Yesterday I decided that it was time to expand my ice cream to bigger batches, and to start giving out free samples to local Maine Twitter folk, friends, and family in order to get feedback on my products. I chose coffee ice cream as my public debut, which was probably the stupidest idea I ever could have had. My friend Renee had given me a recipe for an amazing coffee ice cream that she had made at work, and I was pretty excited to make my own version of her masterpiece.

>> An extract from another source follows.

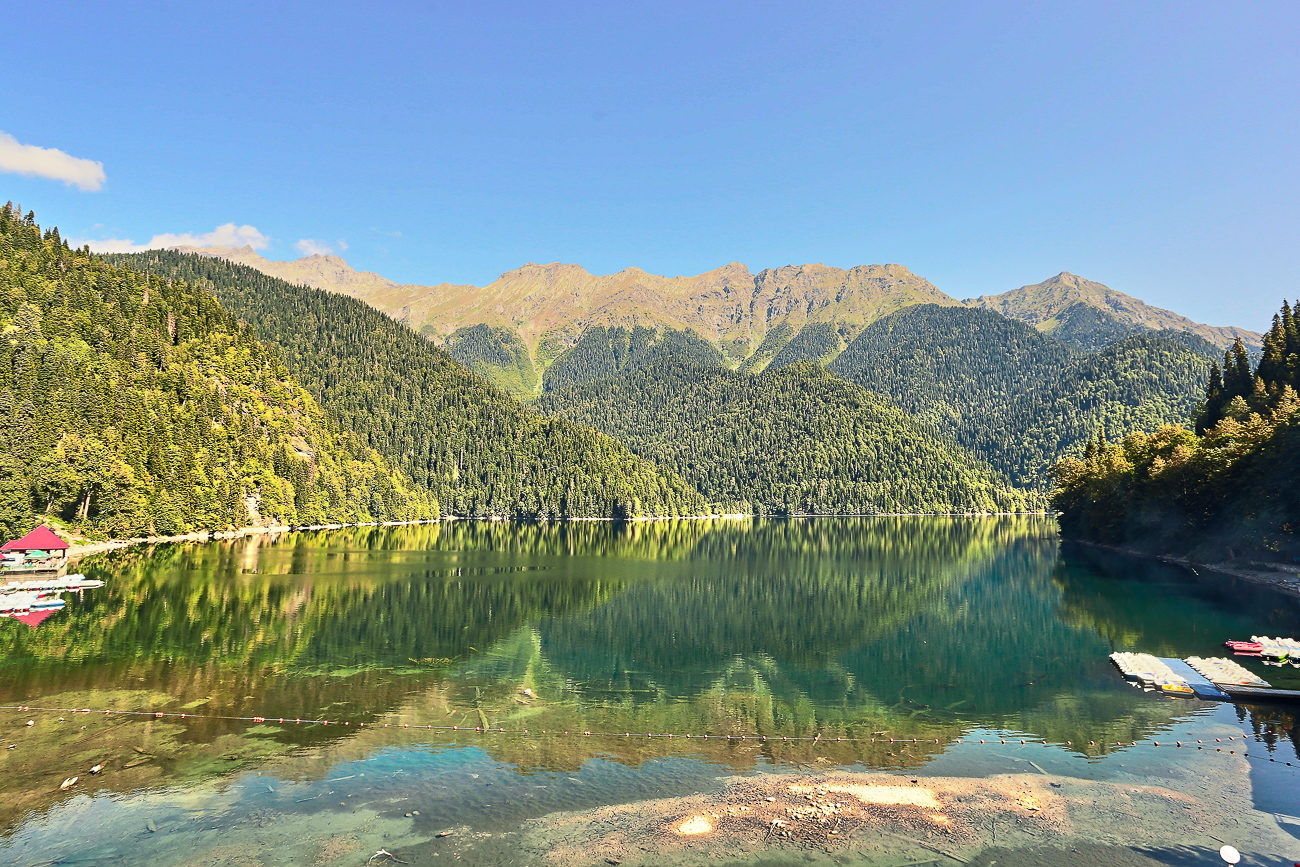 ВИП на озеро Рица из Дагомыса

I started off with a daring 1 1/2 quarts of half and half. As I waited for it to simmer, I whipped 18 egg yolks in a bowl with 2 1/2 c. sugar. Using Jake's French press, I brewed two cups of dark roast coffee. After tempering my cream into the yolks, I added the coffee and gave it a taste. Huh. Pretty much tasted like heavily sweetened coffee. No problem...must not be enough. I brewed two more cups. Flavor stayed the same.
"Oh crap," I thought to myself as my stomach churned. I nervously called Renee..."So uh...when you told me to add coffee to the milk...did you uhh...did you mean brewed coffee?" (insert me squinting and crossing my fingers, hoping against hope she'd say "yes.") "No, I meant coffee grounds." Poop. This meant that I now had a quart of water in my ice cream base, which would cause a major tear in the chemistry of the final product. Would it spin properly? Would it freeze alright? I knew the answers were both "no" but how could I possibly justify throwing away one gallon of liquid? I tried adding coffee grounds to the base for more flavor, making the mistake of not putting them in cheesecloth or another helpful steeping assistant. I then tried to cook the base in a double boiler to allow the water to evaporate. Fail. Fail. Fail. AND! On top of that, the base separated in my ice cream maker, making it evident that I had no chance at redemption.
So in the future...never put water in your ice cream. Never add coffee grounds if you have no way to strain them out. And never, EVER, make bulk batches of something you've never made before.